Still, the fall of Ben Ali has been significant insofar as it shows just how flimsy state power can be.  While in the past popular uprisings were contained with brute force and massacre, as in Syria in the 1980s and Algeria in the 1990s, the new media environment in the Middle East makes it much harder for regimes to get away with such cruelty and abuse of human rights.  The democratic bargain that has prevailed in the Middle East in the past generation -- in which citizens exchange their political and civil liberties for social services and stability -- is wearing thin almost everywhere.  Now, for the first time, we have seen that popular dissent and protest can overthrow even the most deeply entrenched of Arab autocrats, and political activists throughout the Arab world should be emboldened by Ben Ali's ouster.  Conversely, autocratic regimes should be alarmed at just how quickly they could lose control over their populace.

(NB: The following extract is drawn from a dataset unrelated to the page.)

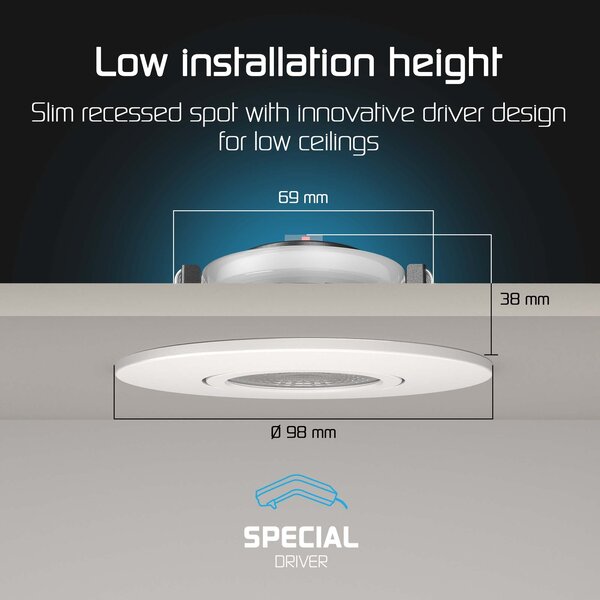 Ledvion 6x Focos Empotrables LED Regulables Níquel - IP65 - 6W - CCT - Ø98 mm - 5 años de garantía - Para el baño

How regimes react to this newly perceived vulnerability will be critical to the prospects of democratization in the region.  There are three basic options for an autocratic government dealing with echoes of unrest from Tunisia: first, a crackdown on regime opposition and closure of political space; second, a series of token reforms designed to secure political quietism while not actually conceding any power; and third, a program of genuine reform to rebuild the broken social contracts and dysfunctional economies that plague Arab societies.  The most likely scenario at the moment is the second, in which governments seek to "muddle through."  In fact this is already occurring -- Libya, Morocco, Jordan, and Algeria have all announced plans to reduce food prices in the past several days, a common method to appease popular discontent.

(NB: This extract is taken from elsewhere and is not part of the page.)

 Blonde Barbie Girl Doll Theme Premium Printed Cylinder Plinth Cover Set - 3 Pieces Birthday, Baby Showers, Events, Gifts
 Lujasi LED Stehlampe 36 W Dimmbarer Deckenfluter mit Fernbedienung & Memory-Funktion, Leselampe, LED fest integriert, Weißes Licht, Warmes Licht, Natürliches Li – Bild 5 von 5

But before we start thinking too far into the future, the battle for Tunisia's democracy is far from over.  What remains of the ruling cadre will probably not decide to fade away quietly -- they will resist liberalization and seek to preserve their hold on power and reconsolidate in Ben Ali's absence.  The United States and other Western powers have an excellent opportunity now to help hold off a retrenchment and keep pressure on the regime to commit to true reform.  However, without significant international attention it is doubtful Tunisia will become a democratic success story.

Similarly, Tunisia has created a unique opportunity for the United States to advocate democratic reform throughout the Middle East.  Speaking at the Forum for the Future last week in Doha, Hillary Clinton warned that Arab states must offer a "positive vision" to their people in order to combat extremism and social unrest (she also apparently couldn't resist a desert metaphor, noting that the region's foundations are "sinking into the sand").  Now is the time for the United States to convince its autocratic allies that reform is necessary and the status quo is no longer tolerable.  Strong, sustained support of democratic institutions in Tunisia is currently the most logical start to a program to foster democratization in the region.  The international community should do its part to ensure that free and fair elections are conducted and that their results are respected.  American apathy to the oppression of Tunisians for the past half century must not prevent policymakers from taking notice now, and taking effective steps to promote a peaceful and democratic transition.